**Task objective**
What is needed is an exact copy of the records below, minus any pictures.
····················
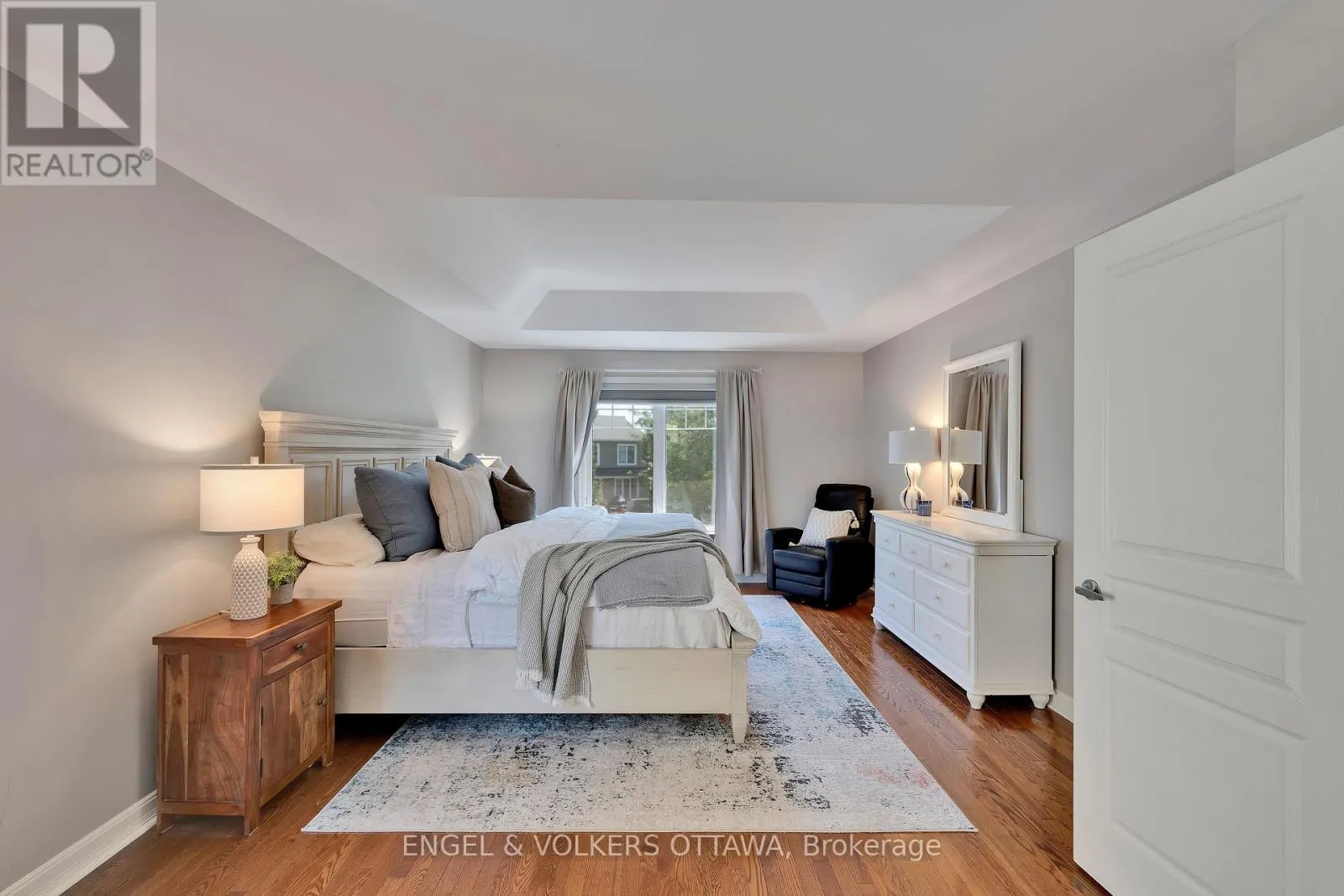 12 OAKBRIAR CRESCENT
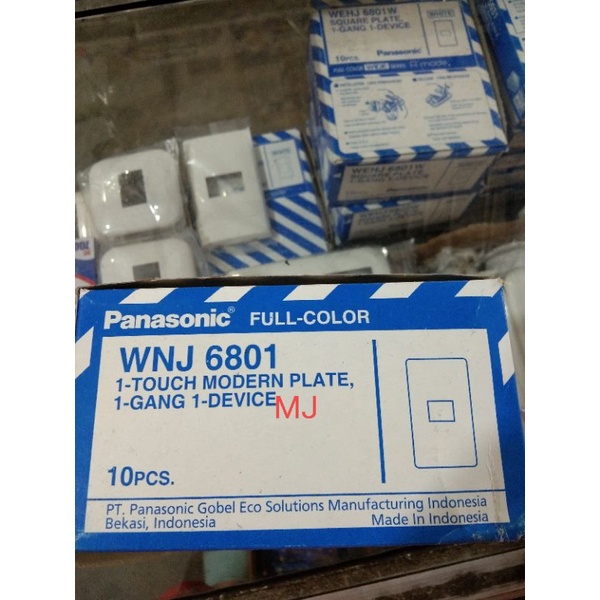 Plat saklar Panasonic WNJ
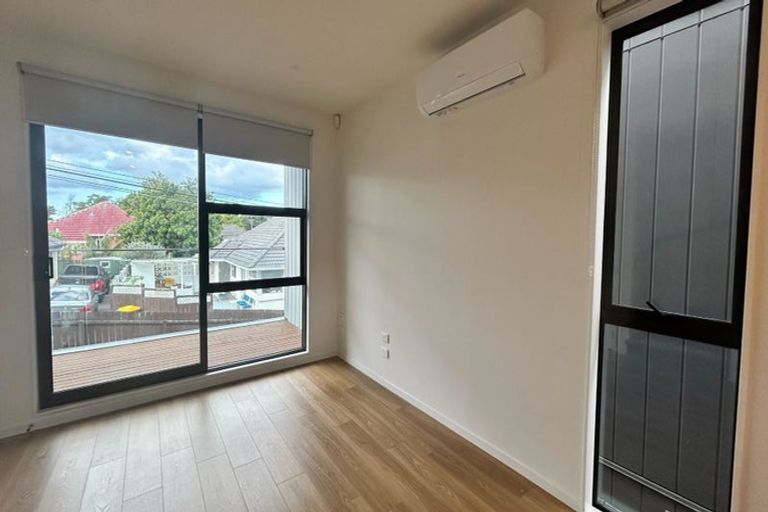 Photo of property in 6/26 Buscomb Avenue, Henderson, Auckland, 0610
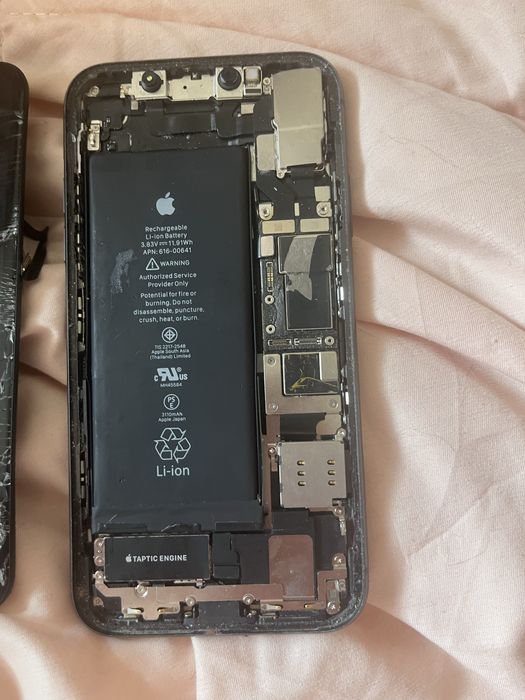 iPhone 11 , на запчасти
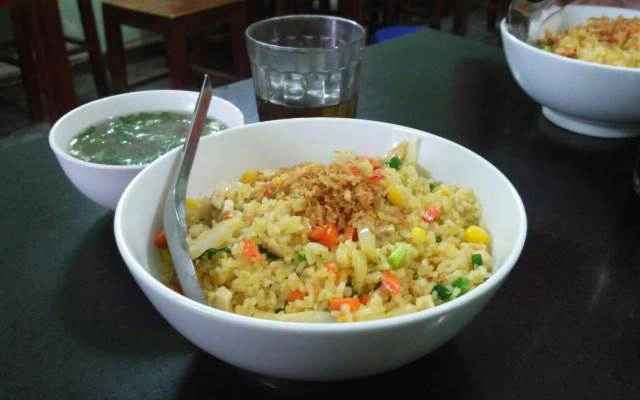 Quán Ăn Quốc Anh - Phở Bò & Cơm Rang - Phú Thịnh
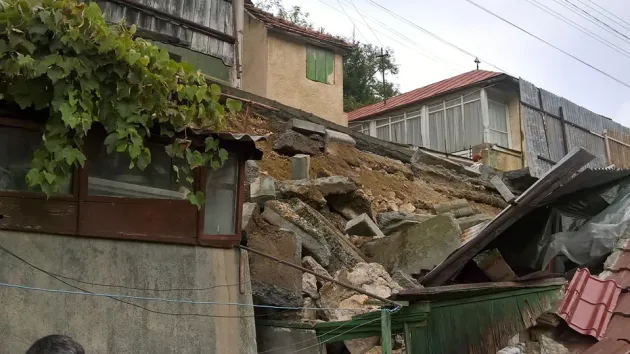 Pământul din Şchei o ia la vale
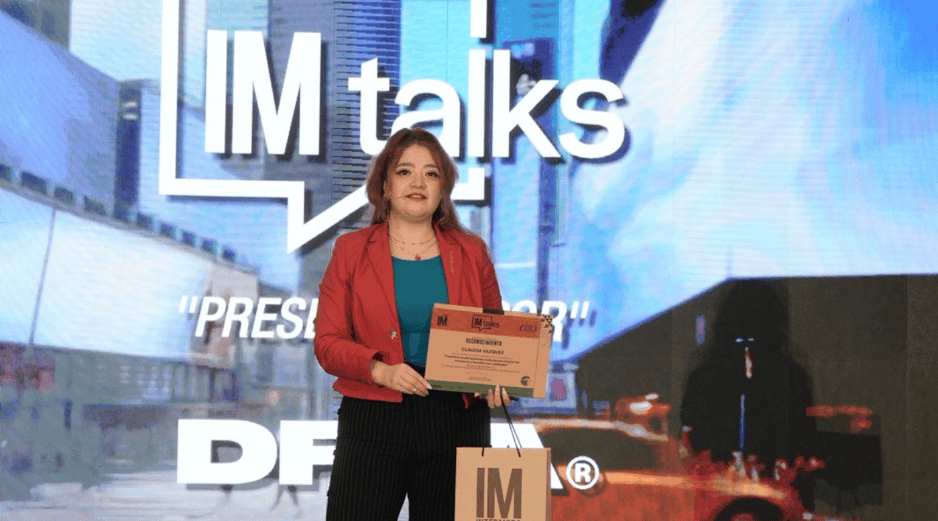 Claudia Vázquez destacó que su visión rompe con la idea de la moda superficial para adaptarla a una herramienta que tiene como propósito “unir lazos a través de la inclusión y el respeto”. ESPECIAL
····················
**Solution to this task**
 12 OAKBRIAR CRESCENT
 Plat saklar Panasonic WNJ
 Photo of property in 6/26 Buscomb Avenue, Henderson, Auckland, 0610
 iPhone 11 , на запчасти
 Quán Ăn Quốc Anh - Phở Bò & Cơm Rang - Phú Thịnh
 Pământul din Şchei o ia la vale
 Claudia Vázquez destacó que su visión rompe con la idea de la moda superficial para adaptarla a una herramienta que tiene como propósito “unir lazos a través de la inclusión y el respeto”. ESPECIAL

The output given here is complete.